A renaturalização de rios é uma das soluções baseadas na natureza para reter a água nas margens e, assim, evitar inundações. Atende ainda às regras de Áreas de Proteção Permanente (APPs), que estabelece a proteção da vegetação nas margens de cursos d’água.
A Mandi desde 2021 realiza “expedições” ao Tucunduba com estudantes e grupos comunitários. Muitos não sabem que o curso d’água que chamam de valão e canal é, na verdade, um rio.
— Não queremos canais de paredes de concreto, como os que têm sido feitos para “urbanizar” os valões.
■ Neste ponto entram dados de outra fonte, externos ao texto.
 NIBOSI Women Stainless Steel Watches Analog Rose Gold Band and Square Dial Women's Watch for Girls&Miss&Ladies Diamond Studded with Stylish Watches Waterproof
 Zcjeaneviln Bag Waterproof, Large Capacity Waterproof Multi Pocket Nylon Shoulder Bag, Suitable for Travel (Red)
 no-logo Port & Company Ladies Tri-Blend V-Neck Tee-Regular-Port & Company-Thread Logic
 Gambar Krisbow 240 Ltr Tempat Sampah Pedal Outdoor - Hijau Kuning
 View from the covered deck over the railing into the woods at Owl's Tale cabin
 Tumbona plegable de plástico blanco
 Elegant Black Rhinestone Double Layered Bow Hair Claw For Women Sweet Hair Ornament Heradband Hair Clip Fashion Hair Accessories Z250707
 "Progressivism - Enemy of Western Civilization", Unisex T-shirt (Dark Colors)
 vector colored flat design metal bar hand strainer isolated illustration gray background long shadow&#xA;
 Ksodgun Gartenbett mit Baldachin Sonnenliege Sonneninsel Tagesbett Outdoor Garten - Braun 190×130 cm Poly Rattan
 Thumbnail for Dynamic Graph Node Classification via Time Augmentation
Eles viram aprisionam o rio em concreto que recebem esgoto e não têm qualquer tipo de vegetação nas margens. Queremos nosso rio de volta, com as margens com árvores e terra, para nos oferecer lazer e segurar inundações — afirma Osvaldo Mesquita, liderança do movimento Tucunduba Pro Lago Verde.
O lago onde brota o Tucunduba tem cerca de 80 mil litros d’água. Menos que uma gota se comparado ao rei da bacia, o gigante Amazonas cuja vazão é de 210 milhões de litros por segundo. Mas representa uma imensidão para as pessoas que vivem em seu entorno.
O riozinho de 3,6 quilômetros é o centro de uma bacia hidrográfica com outros 12 canais, em cinco bairros, e onde vivem cerca de 300 mil pessoas.
A geógrafa Ana Luisa Araújo, da ONG Defensores dos Rios Urbanos, diz que para os moradores mais antigos, o Tucunduba ainda é um rio e não um canal como indicam algumas placas.
— O objetivo é que os canais e valões voltem a ser rios, para toda a população — frisa Araújo.
O modesto Tucunduba tem sua foz no Rio Guamá, dentro do Campus da Universidade Federal do Pará (UFPA). Quis o destino que este ano estivesse ali às suas margens a Cúpula dos Povos, que tem no cerne de sua agenda a justiça ambiental, tudo o que o Tucunduba e a gente que vive em sua bacia nunca viram.